Wales needs more timber says fencing producer

forestry in Wales Image copyright Thinkstock

Wales needs to plant more trees to protect the home grown timber industry, one of the UK's largest fencing producers has warned.

Denbighshire firm Clifford Jones Timber said just 100 hectares (250 acres) of new woodland was planted here last year.

The Welsh Government's target is 2,000 hectares a year.

The environmental agency, Natural Resources Wales, said commercial timber operations remained "a high priority".

But Clifford Jones' purchasing director Penny Lloyd said timber planting was now "vital for the survival of our industry".

"Back in the 1970s we were planting over 7,000 acres of trees every year - in recent years it's been less than 250 and this is a crop that takes 20 years plus to grow to maturity," she said.

The company produces 2.5 million fence posts at its plant in Ruthin and also in Scotland, and employs over 80 staff.
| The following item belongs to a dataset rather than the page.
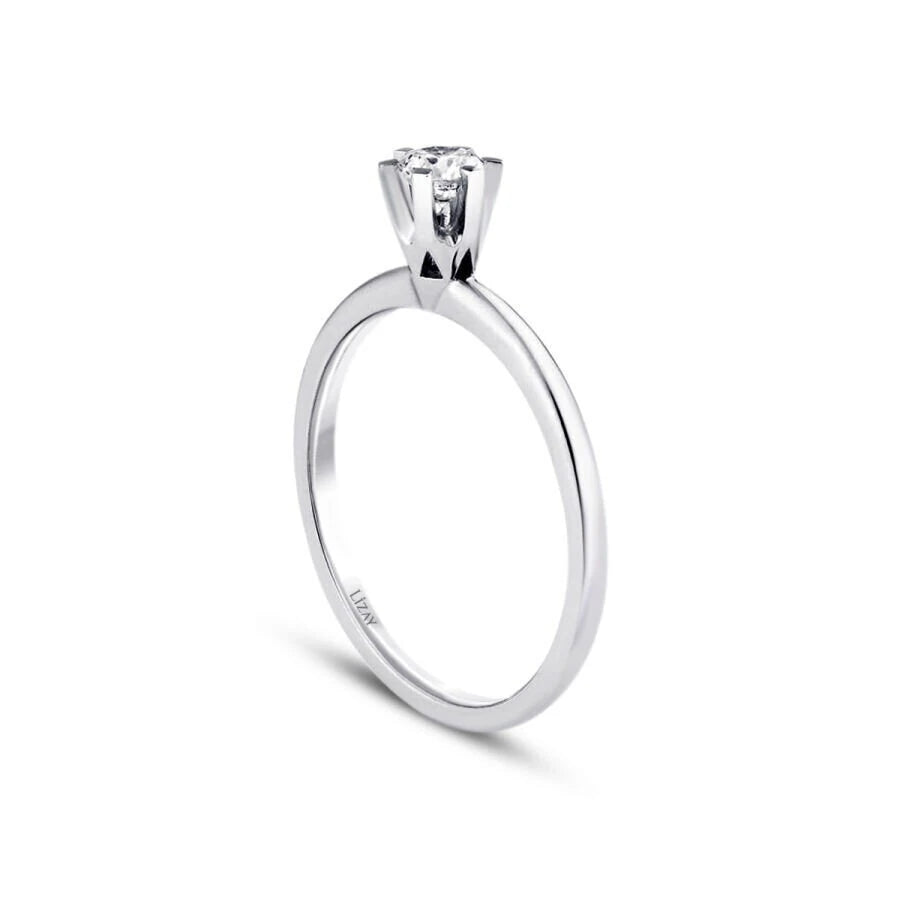 0.30 Carat Diamond Round Solitaire Engagement Ring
According to Welsh Government figures, the wood manufacturing industry in Wales is worth nearly £175m a year - and combined with forestry, provides work for up to 11,000 people.

"There's a huge market for our timber. Every sawmill in Wales would double or treble production if the timber was there to feed that mill," said the Clifford Jones chairman Richard Jones.

"We are constantly looking at ways of diversifying so that we get the maximum from the timber we bring in through the gates but that is in increasingly short supply because of lack of investment since the 1990s."

Natural Resources Wales has insisted it is committed to helping the industry.

It manages about 117 hectares of Wales' 306 hectares of woodland.

"This year we are restocking more than 1,200 hectares of the Welsh woodland estate - which compares favourably with any of the previous five years," said Ruth Jenkins, head of natural resource planning at NRW.

"In that time, we have had to deal with a massive outbreak of P ramorum, which has had a devastating effect on Welsh forests - proportionately more than the rest of the UK - but we are responding to this by creating a far more diverse and resilient woodland.

"During this time we have worked closely with the timber industry to create new markets for the additional larch which has come to the market."